What sets CVE-2026-33626 apart from a textbook SSRF is the class of host it lands on. LMDeploy runs on GPU instances — typically g5, p4d, or equivalent — provisioned with IAM roles scoped to pull model artifacts from S3, assume cross-account training roles, and reach dataset buckets. One successful IMDS fetch doesn’t just expose a server; it hands the attacker temporary AWS credentials with whatever blast radius the role was granted, often enough to pivot into private model weights, training data, or sibling accounts.

Affected populations include self-hosted LMDeploy deployments behind the public internet, VLM serving infrastructure at AI platform vendors that expose LMDeploy-style endpoints, internal AI platforms where “internal” still means reachable from any compromised workload in the VPC, and research labs and universities running InternLM-based models on shared GPU clusters.
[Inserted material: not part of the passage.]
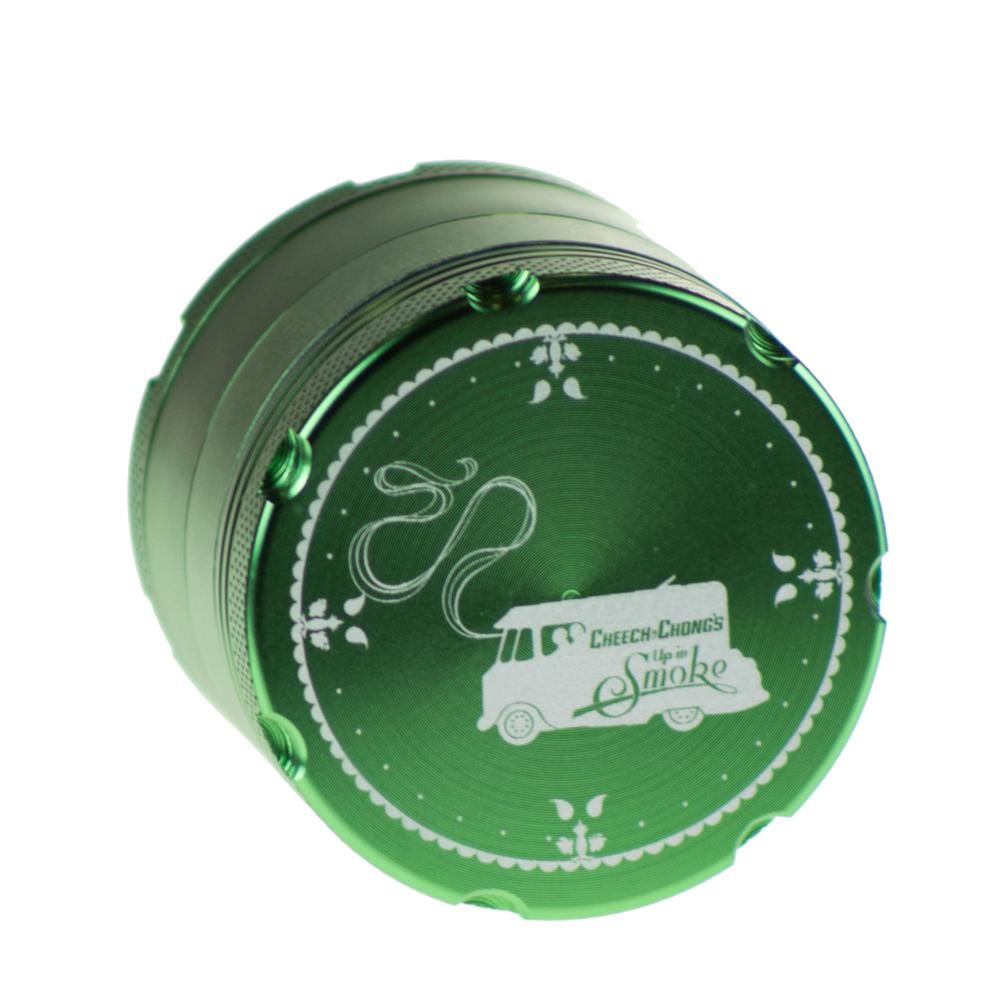 A top-down view of the Famous X Up In Smoke 50mm 4-Piece Grinder, showing its circular metallic finish and layered construction.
The SSRF also scans internal Redis and MySQL, which in many AI pipelines hold request logs, cached embeddings, or session metadata — secondary compromise vectors even if IMDS happens to be locked down with IMDSv2.

Mitigation Steps

Upgrade LMDeploy to 0.12.3 or later immediately. The patched release adds URL safety checks that reject link-local, loopback, and private RFC1918 ranges before load_image() issues a fetch.
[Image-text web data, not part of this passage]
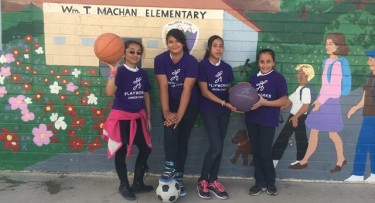 Junior coaches at Machan School, from left, Sbedyi Alvarez, Xochitl Ocegueda, Josselyn Gonzalez and Jessica Velazquez, help keep the peace on the playground. Photo by Evelia (Stacey) McCarty 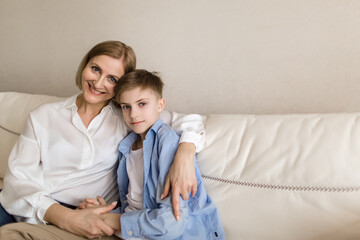 Adult woman hugs a teenager and look into the camera.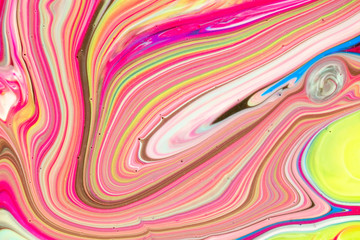 Abstract multi-colored paint background. Acrylic texture with marble pattern. Wallpaper. Mixing paints. Modern art.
If you cannot upgrade in the next few hours, enforce IMDSv2 on every GPU node running LMDeploy. IMDSv2’s session-token requirement defeats this SSRF primitive because the attacker cannot reach the /api/token PUT endpoint through a GET-only image fetch. Scope the instance’s IAM role to the absolute minimum — no wildcard S3 access, no sts:AssumeRole into production accounts. Put an egress proxy in front of the inference node that blocks outbound connections to 169.254.169.254, 127.0.0.0/8, 10.0.0.0/8, 172.16.0.0/12, and 192.168.0.0/16. Require authentication on LMDeploy endpoints and put them behind an API gateway rather than exposing them directly.

Hunt for indicators in inference-server logs. Look for image-URL parameters pointing at private IPs, 169.254.169.254, or localhost. Sysdig’s writeup includes the full honeypot request corpus.

References

GitHub Security Advisory GHSA-6w67-hwm5-92mq is the authoritative disclosure. NVD entry CVE-2026-33626 carries the CVSS 7.5 score. Sysdig TRT’s writeup documents the honeypot exploitation chain and IOCs. The patched release ships in LMDeploy 0.12.3.

If you serve vision-language models on GPU infrastructure, treat this as a same-day patch. The 12-hour exploitation window confirms attackers are watching AI infrastructure advisories in real time, and the IAM credential payoff makes it worth their while.